But wait: There aren't just five galaxies here. There are hundreds of them. Only the round objects with X-shaped spikes are stars. Most of the other dots, streaks and smudges are distant galaxies.

This is, in a sense, a four-dimensional scene. With this two-dimensional image, we're looking at three-dimensional structures, but we're also looking back in time -- the fourth dimension. Each layer of the image represents a different epoch of cosmic history. We see the faintest galaxies as they were billions of years ago. "To me, it's like a geologist's core sample," astronomer Eric Chaisson of Tufts University says of the image.

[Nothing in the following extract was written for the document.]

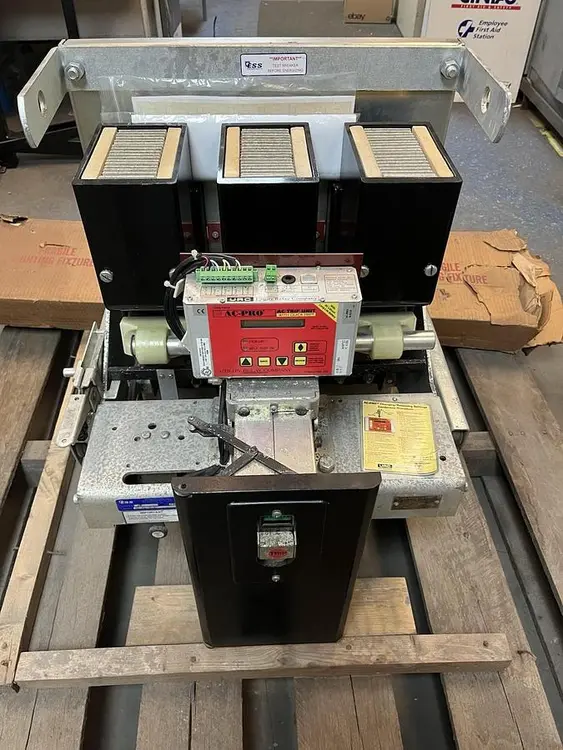 Used WESTINGHOUSE _UNKNOWN_ Circuit Breakers | Surplus Asset Holdings #1190209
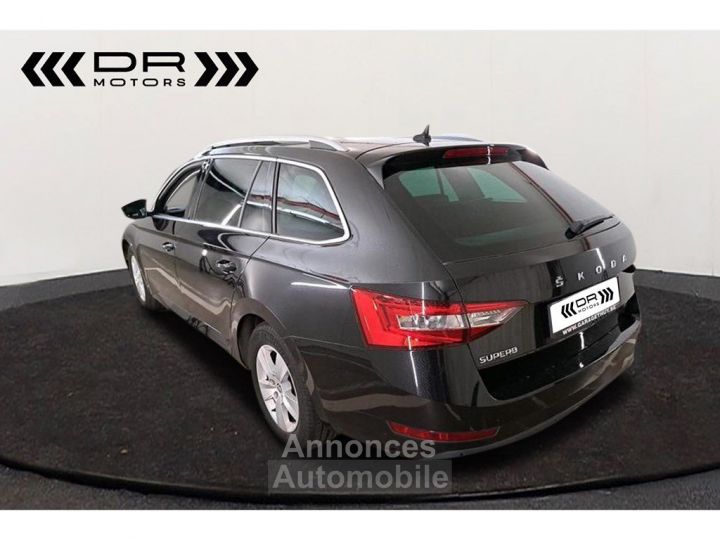 Skoda Superb COMBI 1.6CRTDI DSG7 AMBITION - NAVI MIRROR LINK LEDER - 4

Physicists will argue that we should not give any preferential status to what we call the "present." To a physicist, "now" is a subjective concept that just doesn't show up in the equations of nature. This defies common sense, of course, but no amount of protestation, arm-waving and spluttering will conjure from the physical laws any evidence that any one point in time exists differently than any other.

"The way I'd like to think about it is, there's this big block," Brian Greene says. "Physicists call it the block universe. It's all things in all time. It's a 4-D block."

We perceive ourselves in one thin slice of the block. But other observers -- say, in one of those very distant galaxies in the background of Stephan's Quintet -- will perceive themselves to be in their own slice. No one's slice is more "present" than anyone else's.